Ken Schumacher received this story from Barlow after posting a request for reminiscences from people who'd known Neal Cassady. Thanks to Ken for sending this to me, and to John Perry Barlow for giving me permission to include it in Literary Kicks. It is a very beautiful piece of writing, and it also answers a question that had been bugging me for years: why did Barlow spell Neal's name wrong in the title of the song? Turns out there's a simple answer. -- Levi Asher
"Cassidy"
By John Perry Barlow with Bob Weir
Recorded on Ace (Warner Brothers, 1972)
Cora, Wyoming February, 1972
"I have seen where the wolf has slept by the silver stream.
I can tell by the mark he left you were in his dream.
Ah, child of countless trees.
Ah, child of boundless seas.
What you are, what you're meant to be
Speaks his name, though you were born to me,
Born to me,
Cassidy...
Lost now on the country miles in his Cadillac.
I can tell by the way you smile he's rolling back.
Come wash the nighttime clean,
Come grow this scorched ground green,
Blow the horn, tap the tambourine
Close the gap of the dark years in between
You and me,
Cassidy...
Quick beats in an icy heart.
Catch-colt draws a coffin cart.
There he goes now, here she starts:
Hear her cry.
Flight of the seabirds, scattered like lost words
Wheel to the storm and fly.
Faring thee well now.
Let your life proceed by its own design.
Nothing to tell now.
Let the words be yours, I'm done with mine
This is a song about necessary dualities: dying & being born, men & women, speaking & being silent, devastation & growth, desolation & hope.

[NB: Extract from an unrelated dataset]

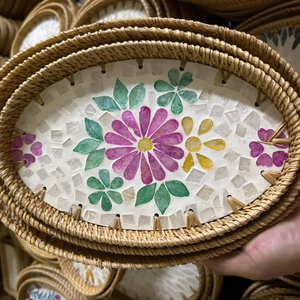 Plateau en rotin et nacre exotique, tissé à la main, pour l'organisation et la décoration de table, fabriqué au Vietnam - Product Image 1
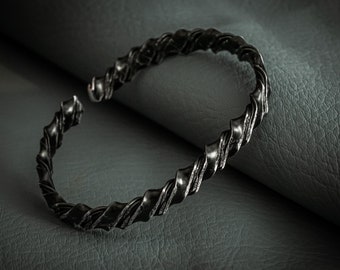 Bracciale polsino nero regolabile, bungle, stile vichingo rustico per idea regalo anniversario uomo o donna, gioielli. Pezzo maschile di tendenza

It is also about a Cassady and a Cassidy, Neal Cassady and Cassidy Law.
(The title could be spelled either way as far as I'm concerned, but I think it's officially stamped with the latter. Which is appropriate since I believe the copyright was registered by the latter's mother, Eileen Law.)
The first of these was the ineffable, inimitable, indefatigable Holy Goof Hisself, Neal Cassady, aka Dean Moriarty, Hart Kennedy, Houlihan, and The Best Mind of Allen Ginsberg's generation.
Neal Cassady, for those whose education has been so classical or so trivial or so timid as to omit him, was the Avatar of American Hipness. Born on the road and springing full-blown from a fleabag on Denver's Larimer Street, he met the hitch-hiking Jack Kerouac there in the late 40's and set him, and, through him, millions of others, permanently free.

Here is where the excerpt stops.